• [DESCRIPTION OF THE TASK]: Please set down the whole listing again, precisely.

• [GIVEN DATA]:
==================================================

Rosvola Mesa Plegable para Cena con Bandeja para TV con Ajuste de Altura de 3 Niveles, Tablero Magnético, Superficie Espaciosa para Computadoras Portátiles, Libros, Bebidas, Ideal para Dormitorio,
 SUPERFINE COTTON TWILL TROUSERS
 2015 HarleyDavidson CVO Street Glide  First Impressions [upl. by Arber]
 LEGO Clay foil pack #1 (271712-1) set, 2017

==================================================

• [YOUR SOLUTION]:
Rosvola Mesa Plegable para Cena con Bandeja para TV con Ajuste de Altura de 3 Niveles, Tablero Magnético, Superficie Espaciosa para Computadoras Portátiles, Libros, Bebidas, Ideal para Dormitorio,
 SUPERFINE COTTON TWILL TROUSERS
 2015 HarleyDavidson CVO Street Glide  First Impressions [upl. by Arber]
 LEGO Clay foil pack #1 (271712-1) set, 2017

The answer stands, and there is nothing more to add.